Northern Ireland remains subject to EU rules by virtue of the Windsor Framework, meaning CE marking is mandatory for devices sold there. A U.S. manufacturer entering the GB market through the international reliance route may find itself with a supply chain gap in Northern Ireland if it does not separately hold a CE mark. This is a significantly underappreciated issue in market access planning and merits early attention in any regulatory strategy.

The UK Responsible Person obligation

Any manufacturer not established in the UK must appoint a UK Responsible Person (UKRP). This is a UK-based entity that registers the device with the MHRA and takes on regulatory responsibility in Great Britain.

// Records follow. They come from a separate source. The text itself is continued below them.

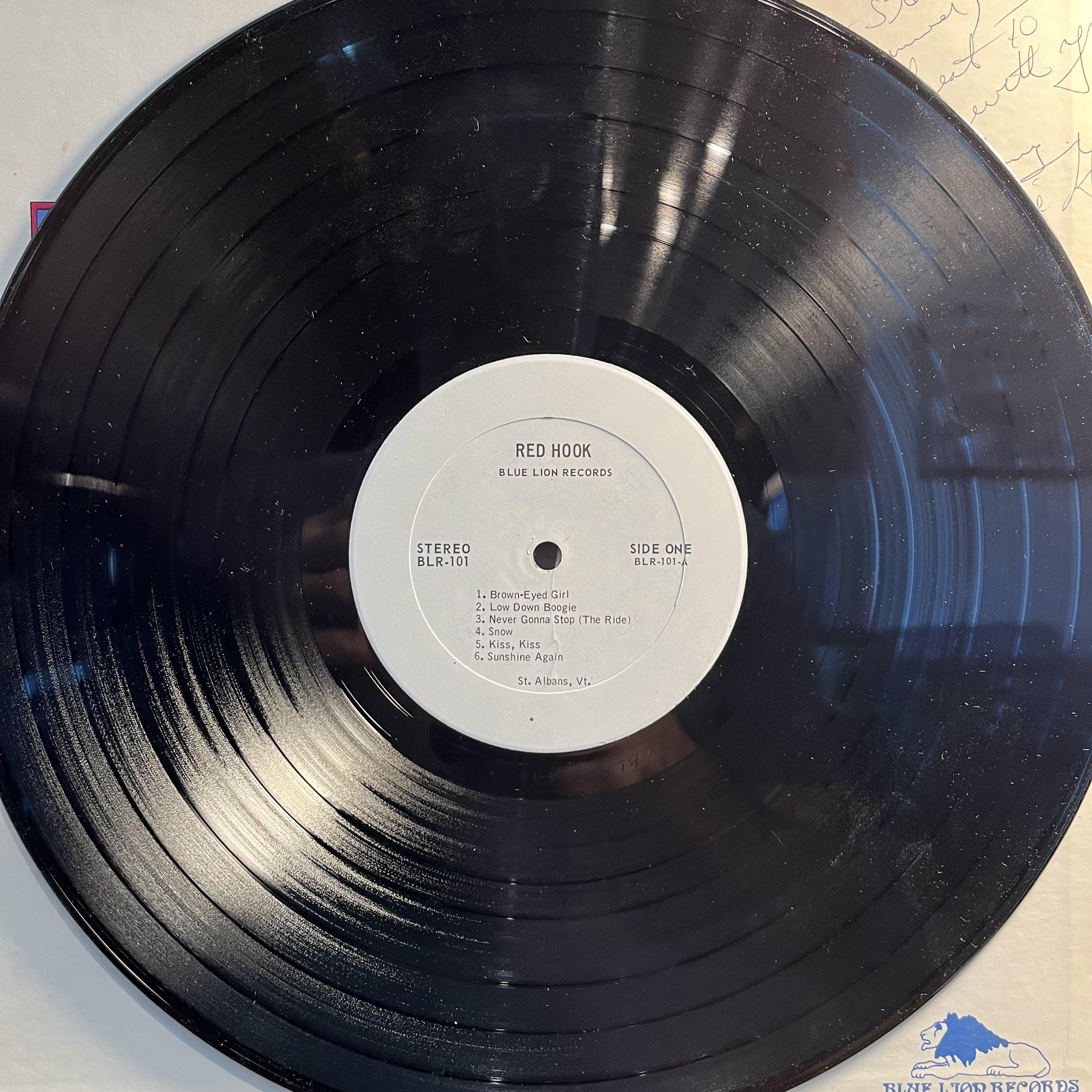 Red Hook (2) - Red Hook As "The Dukes" *SIGNED* | Excellent (EX) Excellent (EX)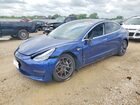 2020 Tesla Model 3 Blue vin: 5YJ3E1EB0LF664481
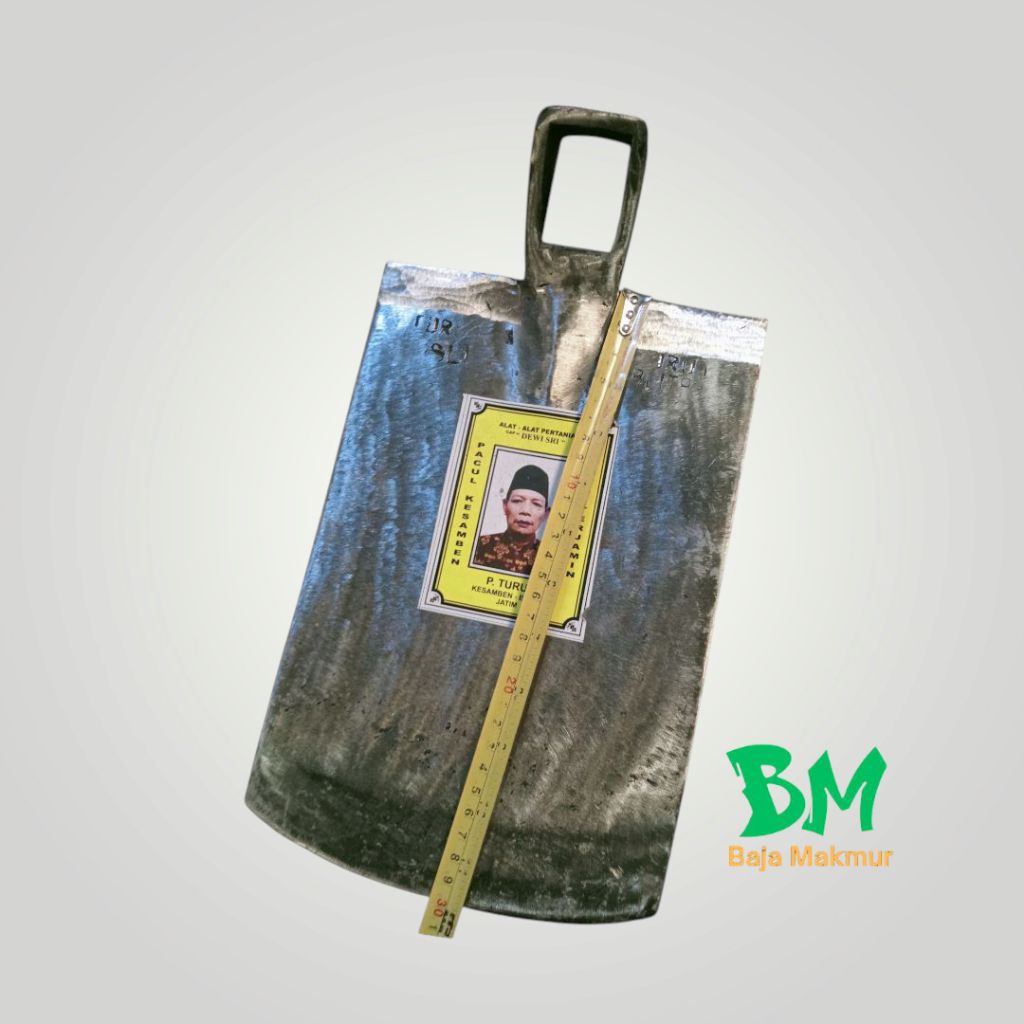 Pacul Cangkul Ukuran 20cm Asli Blitar Original Cap P Turut Kuning Bahan Baja Isen Asli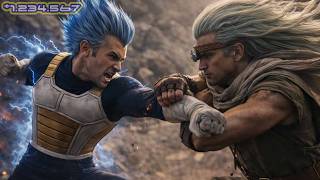 Vegeta vs Granolah | Dragon Ball The Galactic Patrol Live Action AI Fan-made (Seedance 2.0)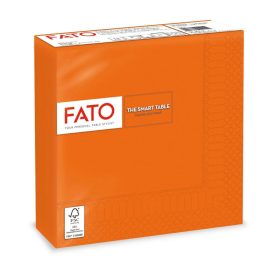 Fato Napkin 33x33cm orange 2-ply 50 sheets/pack 
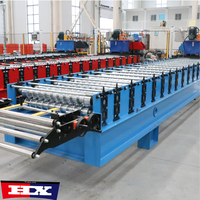 Mesin Profilasi Profiluse untuk Pembuatan Plat Bergelombang dan Trapesium Dua-dalam-Satu (Roll Forming Machine)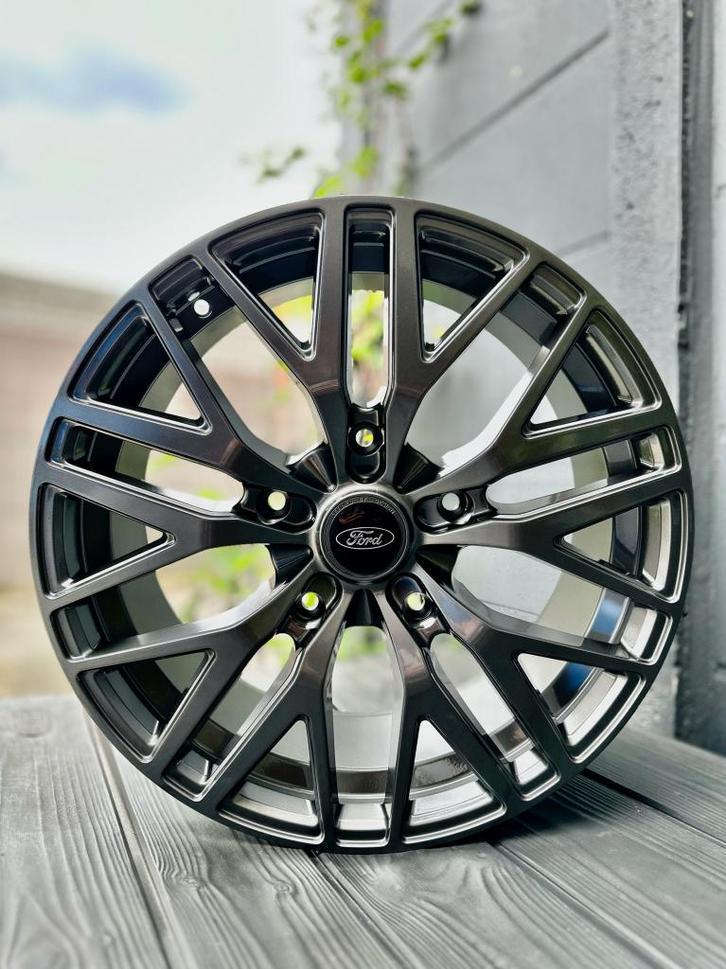 Ford Transit Custom velgen 19 inch zwart opt. met banden, Auto-onderdelen, Banden en Velgen, Velg(en), 20 inch, Bestelwagen, Nieuw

For the United States and other non-UK manufacturers, this is a live compliance obligation under the current regime and raises practical structuring questions: whether to appoint a dedicated UKRP, use a distributor in that role, or establish a UK entity. The UKRP requirement is not affected by the reforms and will persist under the new framework.

What to do now

The regulatory landscape for medical devices in Great Britain is entering a defined period of transition. Manufacturers with existing or planned UK market presence should consider taking the following steps:

  • Assess your GB market access strategy. Determine whether the international reliance route, CE marking, or both best serve your product portfolio and commercial objectives across the UK and EU.
  • Map your IVD portfolio against the new classification framework. Identify products likely to be reclassified upward and plan for new conformity assessment and QMS obligations.
  • Evaluate your Northern Ireland position. Confirm whether your regulatory strategy provides uninterrupted supply chain coverage across both GB and Northern Ireland.
  • Review your UK Responsible Person arrangements. Ensure your UKRP appointment is current, appropriately structured, and aligned with your broader distribution and commercial arrangements.